長期的に見れば、こんなやり方で経済がはたして良くなるのか、少子化に歯止めがかかるのかさえ疑わしい。

経済政策だから、と言えばそれまでなのですが、人間の幸福感に「子育て」が直結している、そこで生まれる幸福感が「経済」に直結しているという意識がほとんどないのです。現在の「子育て」に関わる「子ども・子育て支援新制度」は雇用労働施策の一部として進められていて、子どもを優先した施策ではなくなっている。それにもっと多くの人たち、マスコミや親たちが気づいてほしい。この経済政策に国の「子育てに関わる仕組み」保育とか学校という仕組みがどれほど追い詰められているか気づいてほしい。

なぜ、こういうことになってしまうのか。

社会全体に想像力とそれを支える「感性」が急速に薄れてきている。感性の喪失に関しては、やはり学校教育のあり方、その目指す方向性に問題があるのだと思います。

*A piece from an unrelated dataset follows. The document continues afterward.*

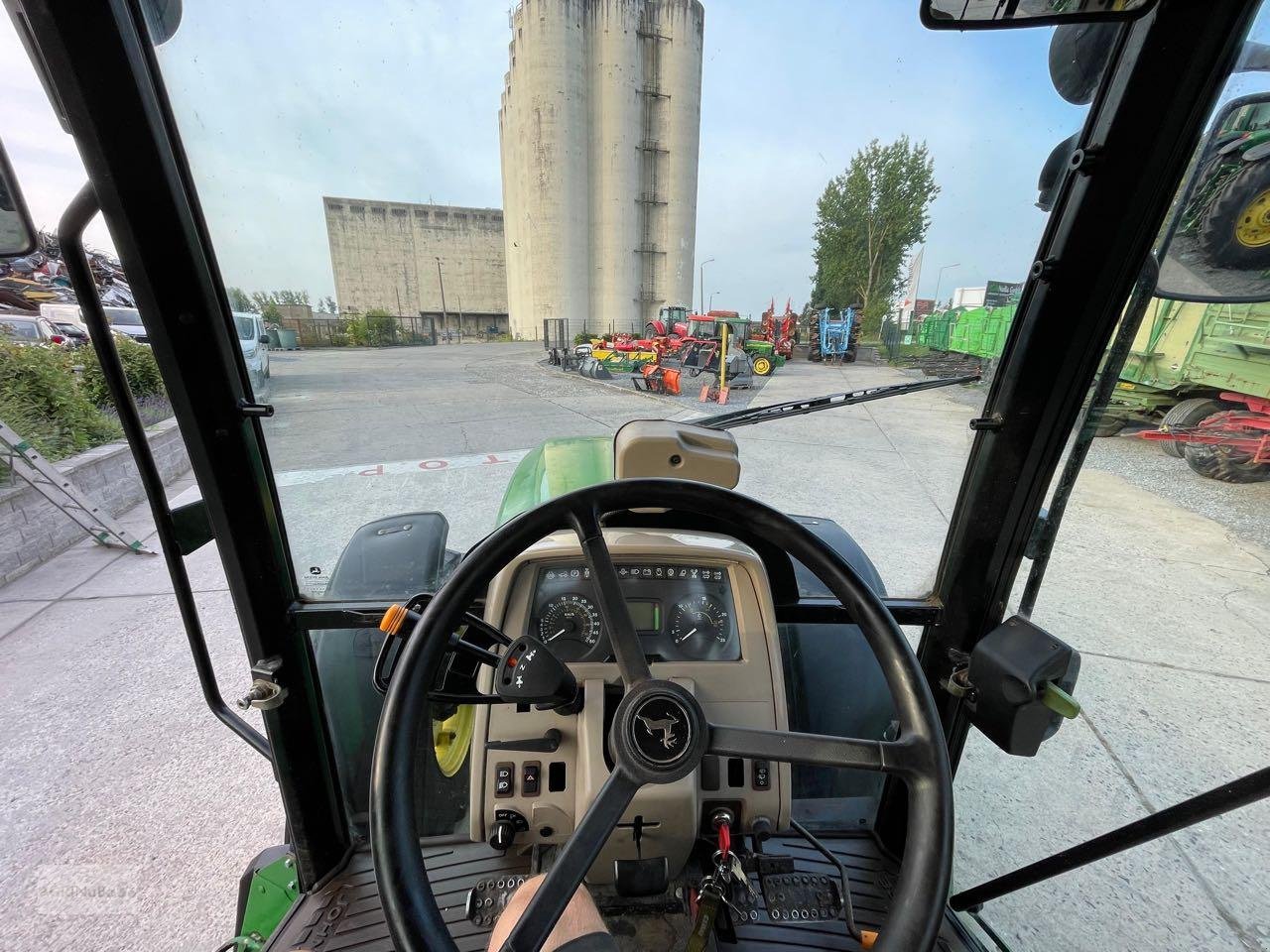 Traktor typu John Deere 5820, Gebrauchtmaschine w Prenzlau (Zdjęcie 18)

高等教育を受け、そこで能力を発揮している人たち、マスコミの情報や国の政策を左右する位置まで登りつめた人たちの多くが、「幼児は親(特に乳幼児期は母親)と一緒に居たいと思っているはず、心情的にも本能的にも」という人類の進化に関わる大事な、決定的と言ってもいい視点をほとんど持たないか、忘れてしまっている。幼児がそう願うことによって、人間たちの生きる動機が決定づけられるという想像力さえない。

遺伝子に種の存続の条件として組み込まれている「弱者優先」の視点を忘れているから、社会で起こっている人間性を覆すような現象や問題に対する読解力・理解力がないのです。人口の減少とか経済上の数字は見え、慌てても、その後ろにある人類学的な方程式や図式が見えていない。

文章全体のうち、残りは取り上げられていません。